CD: Your actors, Carlos Vallarino and Roxana Blanco, are impressive and deliver such weight and naturalism to their roles, how did you find them and what kind of direction did you give them?
Roxana Blanco is an amazing actress well known in Uruguay and I was already familiar with her work. Carlos Vallarino on the other hand is a retired architect and this is his first acting role. I found him through a long casting process. His ability to penetrate, to imagine and hold scenes, made him a fantastic and unexpected gift. Both of them brought an immense sensibility to the roles. Roxana’s precise methodology collided against the imperfect and lax approach of Carlos, all of which generated an energy and chemistry to the character’s internal crisis. She would tense up against his dialogue or gestures and appear to be obligated to stay lucid and ready to adapt to any unexpected changes he might deliver. And Carlos would take on a sense of blame or fault, which in turn, to a certain extent, affected his confidence and made him feel he was indeed a burden. Oddly enough this created a relationship which was expected between father and daughter. There was improvisation which wasn’t laid out in the script, and lots of on -ocation set rehearsals. The actors would adapt to the space and learn how to relate to one another, and simultaneously we had the opportunity to recreate said space according to any needs that would arise. .
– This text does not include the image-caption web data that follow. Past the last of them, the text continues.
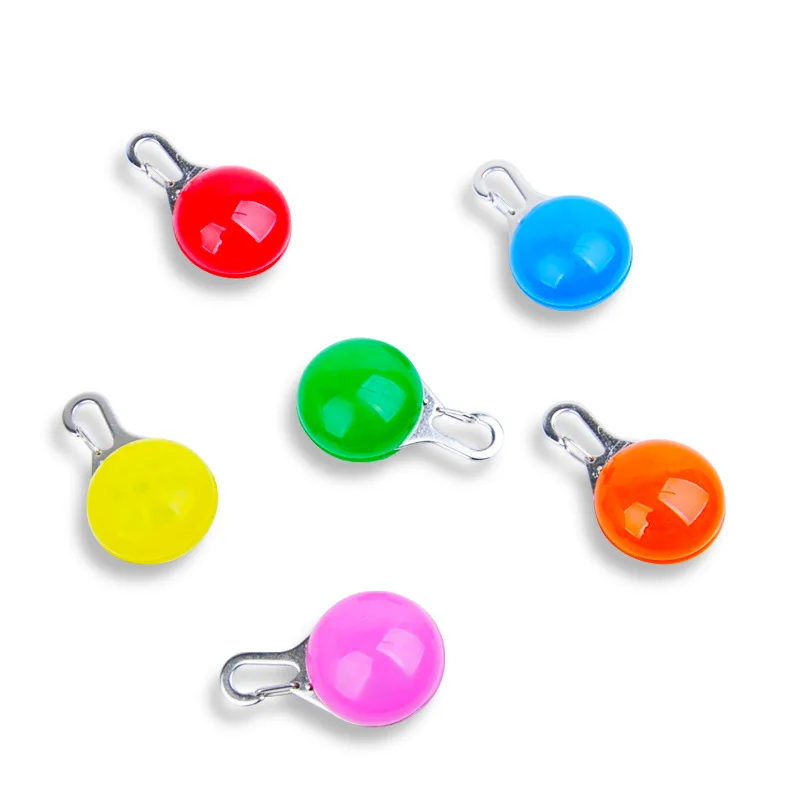 Thumbnail 2 - #2 Best LED Puppy Collars to Buy In 2026
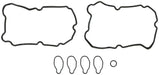 Engine Valve Cover Gasket Set Felpro VS 50781 R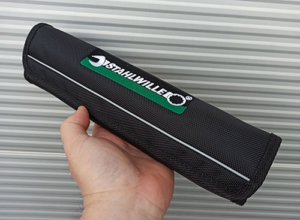 スタビレーシャローオフセットめがねセット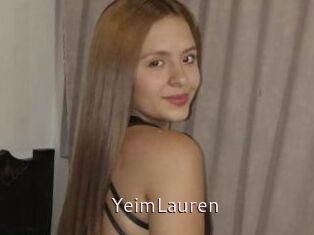 YeimLauren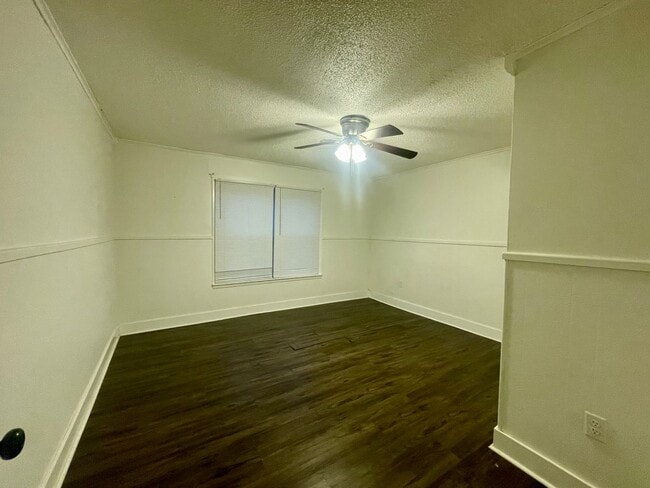 Photo - Heart of Conway!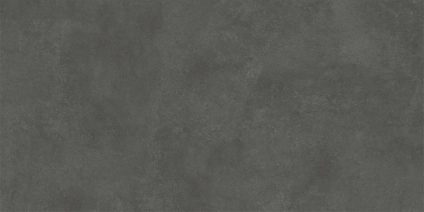 Betone Grey 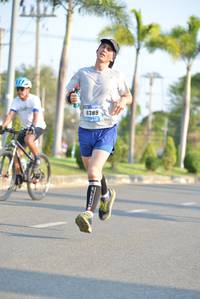 BIB: 6389
                            <button type="button" onclick="openModal(3129752)" class="btn btn-primary btn-sm float-right btn-popup" data-toggle="modal" data-target=".modal-high-quality">
                        <i class="fas fa-shopping-cart"></i> Add to Cart
                    </button>
                                            <button type="button" onclick="isThisMe(3129752, true)" class="btn btn-success btn-sm float-right btn-popup btn-isme hidden" data-toggle="tooltip" data-placement="bottom" title="นี่คือรูปของคุณใช่ไหม คลิกที่นี่เพื่อเอาเข้าอัลบั้ม">
                        <i class="fas fa-plus"></i> Add to album
                    </button>
                    <button type="button" onclick="isThisMe(3129752, false)" class="btn btn-warning btn-sm float-right btn-popup btn-isnotme hidden">
                        <i class="fas fa-ban"></i> Remove from album
                    </button>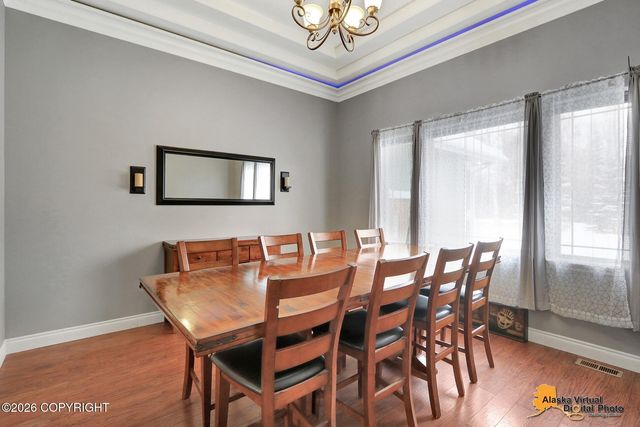 440 E Sage Road, Wasilla, AK 99654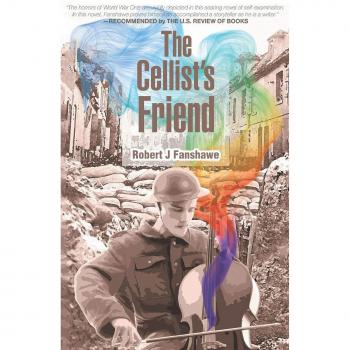 The Cellist's Friend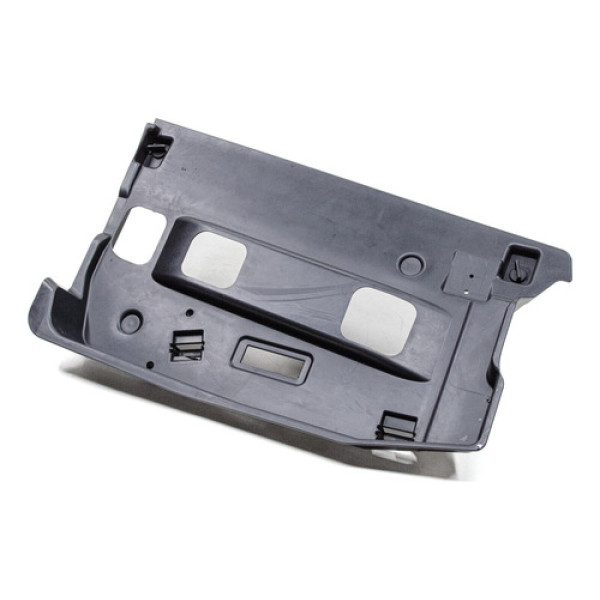 Acabamento Capa Painel Bmw X3 G01 252cv 2018 9363464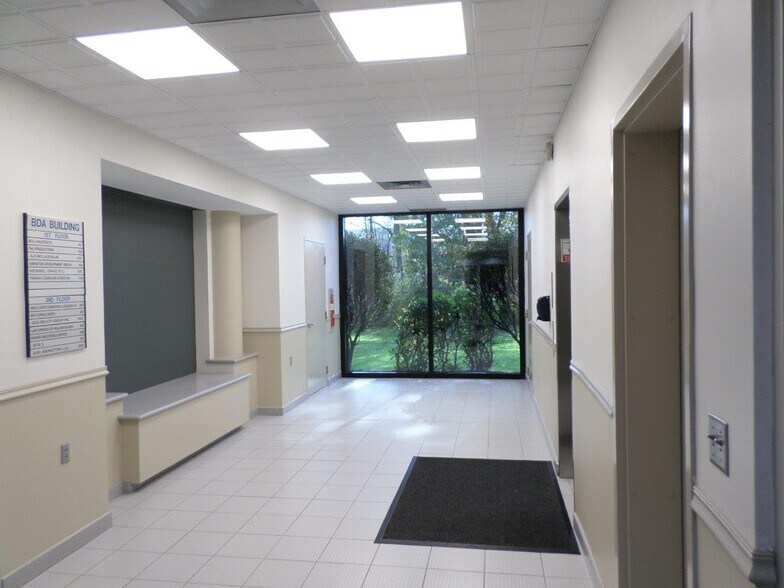 More Photos Of 200 Abington Executive Park, Clarks Summit Office For Lease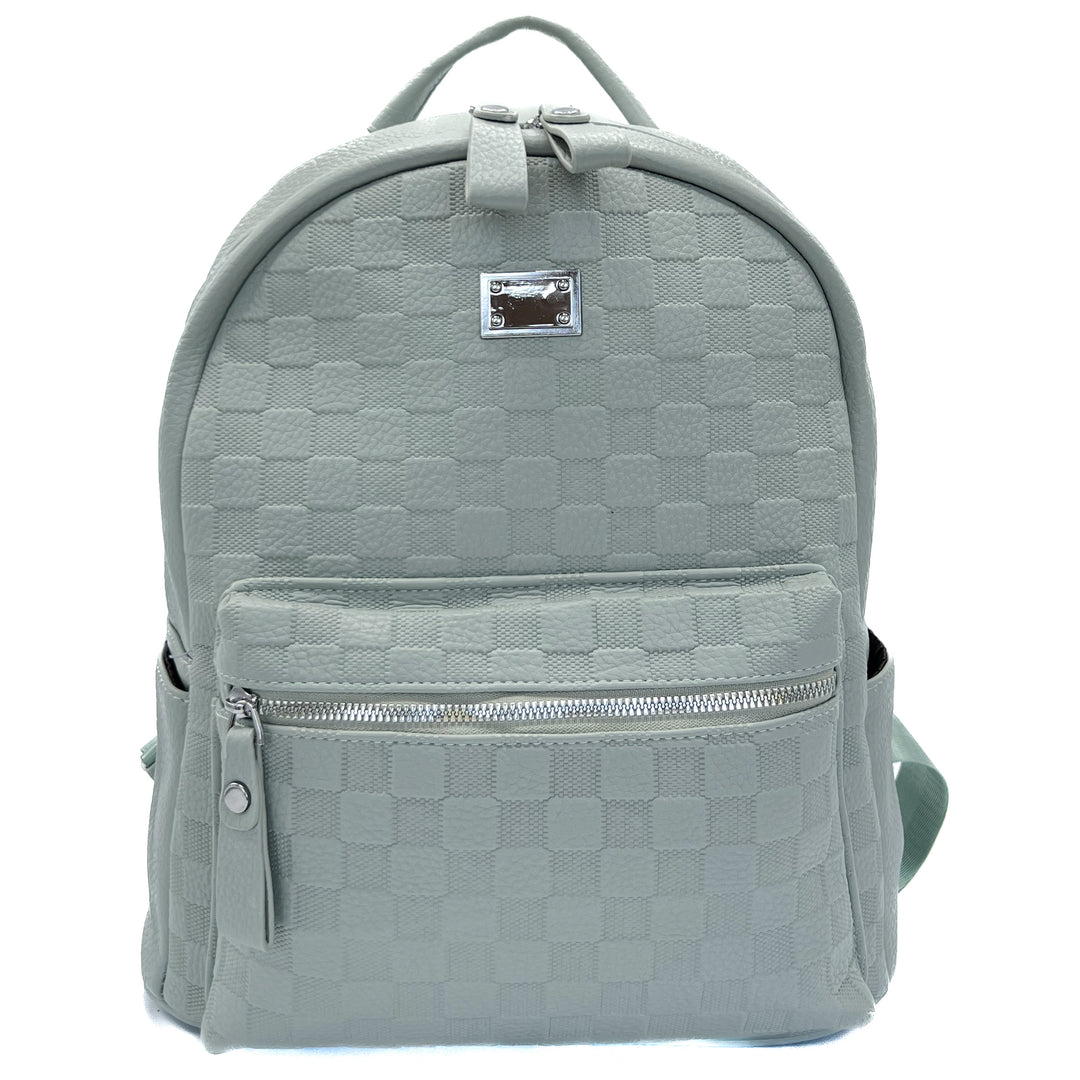 Morral 902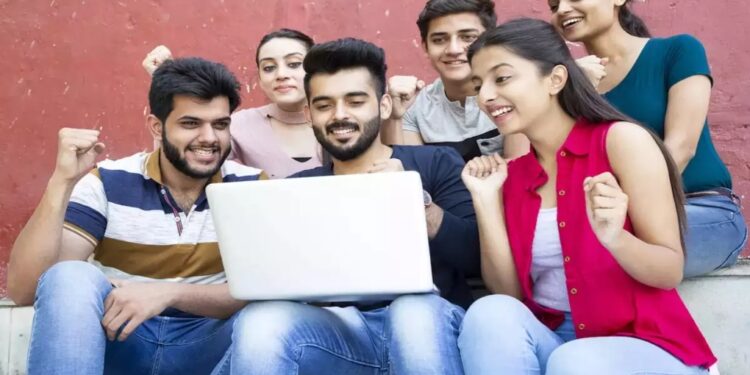 Skilled and Self Reliance: Bihar Government’s New Initiative Targets Employment for 18–40 Age Group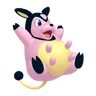Miltank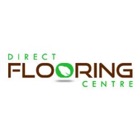 Top 30 Business Apps Like Direct Flooring Centre - Best Alternatives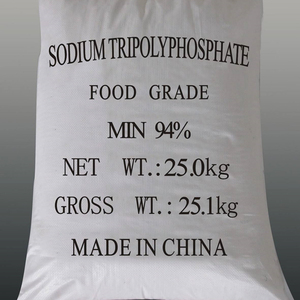 Phosphate de Pent-Natrium Série STPP Pureté 94% - Product Image 6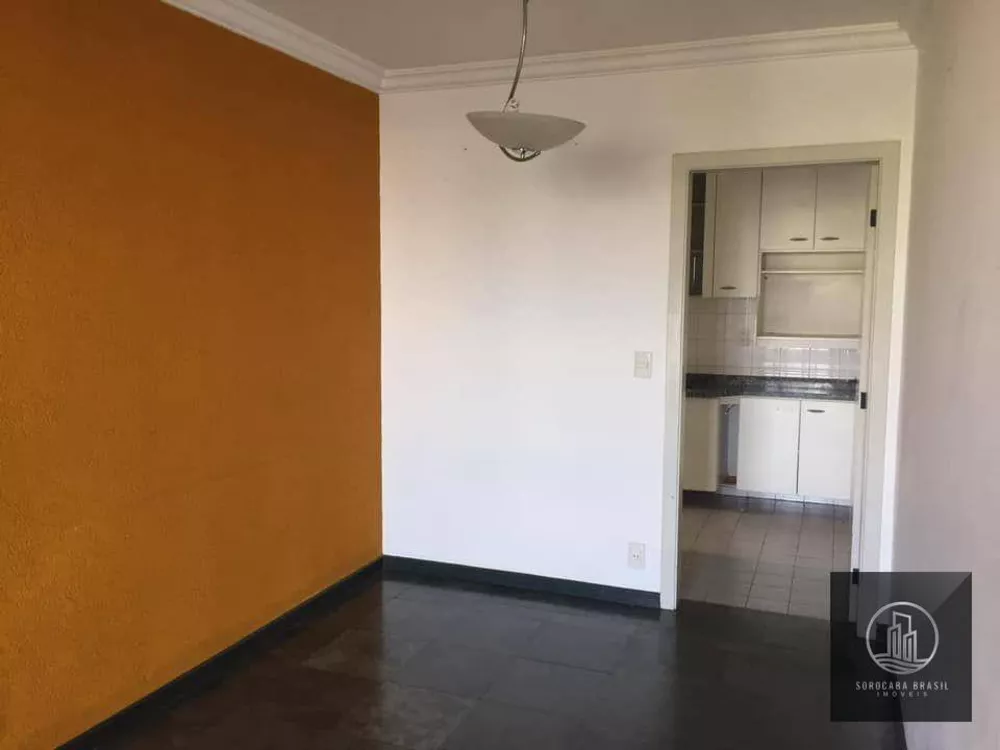 Apartamento à venda com 4 quartos, 110m² - Foto 4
CD: The title, La Demora is translated as The Delay, do you think there is anything lost in translation? I feel that the title’s meaning transforms itself organically over the course of the film – the delay can be taken as her hesitation to run away from her problem (her dad) but it also in the end works very casually as if is was some traffic jam that prevented her from going back to him.
RP: It was in the moment that I came to the decision to use title towards the end, by placing it in the end, the story comes full circle and serves something like an epilogue. In a way it synthesizes and breathes air into the drama and journey of the characters. What happened was only a delay, a momentary detour on the way to her natural and final destination. It is a bit like a game as if to say that it’s not a big deal when in reality a lot has happened – she’s transformed and has had an arc, she’s not only a daughter but a daughter and mother to her father.